IMO, it would be WAY easier (not to mention more natural) to let the mamas raise them, and cuddle them often; than to stick to a regimented feeding schedule night and day, and then have to teach them manners because they are so pushy and forward!
Again, that's just opinion. I can't argue too strongly about it because I've never raised or even owned a bottle baby.


----------



## Paige (Oct 14, 2010)

I am not so into dam raising. I bottle all of my kids. One reason is I don't have a lot of time to tame them down or chase them to catch them. Every dam raised goat I have seen has been a jumpy nervous wreck for anywhere from a couple of months to a couple of years. I DID one time buy a little month old saanen wether that was on his mom but I put him on a bottle right away and he tamed down. He is still not as friendly as my other goats but he is not hard to catch or anything. The all the other dam raised goats I have had have been pretty jumpy and hard to handle. One time I had a couple of oberhasli does that a was boarding for about 6 months. I was milking those crazy goats the entire time in the same order and same routine but a lot of the time I either had to a take out a can of grain or a lasso to catch them. I spent just as much time with them as I do my other goats but they would never really tame down. As soon as I thought I was getting some where they would do something crazy like try to trample me or try to jerk my arm out of its socket and gallop away. They were not the only dam raised goats I have had but all the others were all pretty similar. This is just my opinion and I have nothing against people who leave their babies on the mom but it just does not work for me.


----------



## Mini Goat Lover (May 4, 2011)

All my kids are dam raised and they are super sweet and friendly. I think it all depends on how much time the breeder spends with the kids on a daily basis so they get used to people. I believe almost any goat can be tamed with a little love and treats.


----------



## NubianLover (Sep 19, 2010)

I purchased three bottle babies this year. The buckling is friendly, but he also isn't always wanting to be in your lap, either. The two doelings I purchased are still on the bottle and sometimes drive me nuts! They keep trying to nurse off my arms, clothes, ANYTHING.... (and I do correct them!) 

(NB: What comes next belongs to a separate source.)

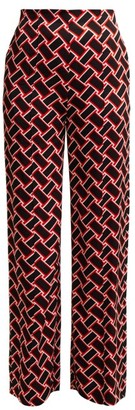 Diane von Furstenberg Erica Geometric Print Wide Leg Trousers - Womens - Black Red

As to my older does.... Half have been bottle raised, the other half were not. They are all equally friendly.... In fact.... my dam raised does try to lick your face when they see you. And these girls were "wild" up until last year as they weren't handled very much.

So, I agree, it depends on the goats and their temperments.


----------



## Devin (Feb 6, 2011)

I've got 2 4 month old babies, my doeling was raised a bottle baby, and my wether was dam raised. Both are very nice and neither are afraid of us. My wether is the one who has the worst pushy habits like jumping up and such. He tries to climb on everybody! My doeling has jumped up on us occassionally but gets the point easily when tapped on the nose and doesn't do it again. Of the 2 she is definately the sweetest! Her worst habit is chewing on clothes! but he does that too. He is harder to catch, because its a game to him, he is not scared, he just wants to be chased! LOL! My doeling comes running everytime she sees us.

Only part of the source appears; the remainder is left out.